One could be forgiven for coming to the conclusion that Todd Spitzer decided whether or not to seek to execute a Black man based on his political calculation about how damaging it would be for his own political career to have these racially insensitive statements released publicly.
“The chief law enforcement officer for the 6th most populous county in the United States made his racist beliefs clear to a group of senior prosecutors while deliberating the death penalty for a black man,” said Democratic Party of Orange County Chairwoman Ada Briceño, regarding the alleged statements by Spitzer. “This is one of many examples why Spitzer is unfit to serve in our halls of justice. Racism must stop. Retaliation must stop. Spitzer must resign.”
This racism scandal undoubtedly throws more gasoline on the flames of the sexual harassment scandal that is already engulfing the Orange County District Attorney’s Office. An independent county investigation recently concluded that Todd Spitzer engaged in “abusive” conduct related to allegations of long-standing sexual harassment perpetrated by the best man at his wedding and one time roommate, Gary LoGalbo, a former senior prosecutor in the office who Spitzer twice promoted.
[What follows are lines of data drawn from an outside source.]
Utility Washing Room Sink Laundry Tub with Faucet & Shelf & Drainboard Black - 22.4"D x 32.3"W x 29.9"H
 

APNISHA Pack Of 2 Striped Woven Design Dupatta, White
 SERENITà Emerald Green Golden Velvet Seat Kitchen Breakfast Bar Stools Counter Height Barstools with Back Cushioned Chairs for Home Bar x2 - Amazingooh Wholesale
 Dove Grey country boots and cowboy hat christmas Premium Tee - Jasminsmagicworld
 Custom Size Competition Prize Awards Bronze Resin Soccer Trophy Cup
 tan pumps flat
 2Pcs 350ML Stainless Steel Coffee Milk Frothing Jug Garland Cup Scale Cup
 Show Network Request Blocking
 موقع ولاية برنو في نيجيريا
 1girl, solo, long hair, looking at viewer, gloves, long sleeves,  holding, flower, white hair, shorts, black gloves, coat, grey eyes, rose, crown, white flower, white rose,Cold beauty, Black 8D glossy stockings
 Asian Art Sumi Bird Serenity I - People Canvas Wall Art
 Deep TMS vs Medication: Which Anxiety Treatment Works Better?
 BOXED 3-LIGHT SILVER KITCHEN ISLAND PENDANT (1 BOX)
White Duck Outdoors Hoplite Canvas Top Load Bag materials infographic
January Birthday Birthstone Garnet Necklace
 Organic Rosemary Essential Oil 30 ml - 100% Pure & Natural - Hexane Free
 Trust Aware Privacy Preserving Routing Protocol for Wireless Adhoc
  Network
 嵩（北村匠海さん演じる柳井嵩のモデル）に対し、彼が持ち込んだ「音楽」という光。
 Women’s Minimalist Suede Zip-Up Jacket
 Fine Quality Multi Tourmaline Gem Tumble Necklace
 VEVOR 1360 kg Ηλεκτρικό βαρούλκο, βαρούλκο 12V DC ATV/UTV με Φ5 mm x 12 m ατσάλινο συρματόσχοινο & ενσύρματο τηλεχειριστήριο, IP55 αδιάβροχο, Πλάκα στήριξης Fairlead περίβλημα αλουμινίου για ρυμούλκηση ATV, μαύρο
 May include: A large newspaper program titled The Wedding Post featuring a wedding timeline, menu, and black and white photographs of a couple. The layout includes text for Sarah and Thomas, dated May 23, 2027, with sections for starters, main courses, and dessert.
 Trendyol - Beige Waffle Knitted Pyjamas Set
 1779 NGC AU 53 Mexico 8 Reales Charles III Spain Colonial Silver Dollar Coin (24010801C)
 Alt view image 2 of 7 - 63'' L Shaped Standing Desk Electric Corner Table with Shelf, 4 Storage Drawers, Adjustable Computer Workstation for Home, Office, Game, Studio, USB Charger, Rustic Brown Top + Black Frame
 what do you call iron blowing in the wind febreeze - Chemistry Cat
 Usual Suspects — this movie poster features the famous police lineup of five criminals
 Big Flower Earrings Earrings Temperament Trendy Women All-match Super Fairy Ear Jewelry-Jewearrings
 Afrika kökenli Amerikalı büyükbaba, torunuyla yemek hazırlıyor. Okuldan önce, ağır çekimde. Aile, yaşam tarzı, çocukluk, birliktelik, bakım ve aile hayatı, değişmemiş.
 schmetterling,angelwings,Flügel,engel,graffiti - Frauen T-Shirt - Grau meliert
Women in the office called LoGalbo “Scary Gary”, an appropriate nickname given the allegations rendered against him. For example, one female prosecutor recounted in an employment discrimination lawsuit against the county that while she bent over to plug in a phone charger, LoGalbo pointed at her rear-end, snapped a picture with his cell phone, and said out-loud, “This one is for the spank bank. I’ll use it later.” In a separate incident, after the DA’s office installed a new room for mothers to nurse their children, LoGalbo looked over at a female prosecutor and in front of a number of people said, “Hey, you know what you and I should do? We should go upstairs, lock the door and bang one out in the mommy milk room.” In a third incident, LoGalbo asked a female subordinate for a ride, and when she told him her car was messy, LoGalbo said: “Are your panties in the car? Because if they are, I’ll wear them on top of my head like a hat.”
These are just two examples of dozens of allegations made by four female prosecutors within the OCDA accusing LoGalbo of physical and oral sexual harassment–other examples include hanging a “sperm” replica in another prosecutor’s office, asking at least one woman to sit on his lap, and saying to several women about to be on maternity leave: “You ladies need to duct tape it up.” When these allegations came to light, Spitzer told the supervisor of one of the women who filed a complaint against LaGalbo to provide her with a negative performance evaluation. Spitzer, challenging the version of events of multiple senior prosecutors in the office, said he did no such thing. A second independent investigator found Spitzer’s version of events “not credible.”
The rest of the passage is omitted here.